-- Exercise goal --
If a line in the listing below includes the word "image", pick it out.
[[ Information given, beginning ]]
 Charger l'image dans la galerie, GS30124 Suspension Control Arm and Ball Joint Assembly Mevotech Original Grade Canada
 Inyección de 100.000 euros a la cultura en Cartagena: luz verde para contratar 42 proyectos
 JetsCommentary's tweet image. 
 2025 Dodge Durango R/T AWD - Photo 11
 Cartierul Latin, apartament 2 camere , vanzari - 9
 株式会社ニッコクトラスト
[[ Information given, end ]]
[[ Information given, beginning ]]
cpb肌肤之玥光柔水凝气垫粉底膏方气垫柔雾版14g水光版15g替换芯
[[ Information given, end ]]
-- Written answer --
 Charger l'image dans la galerie, GS30124 Suspension Control Arm and Ball Joint Assembly Mevotech Original Grade Canada
 JetsCommentary's tweet image. 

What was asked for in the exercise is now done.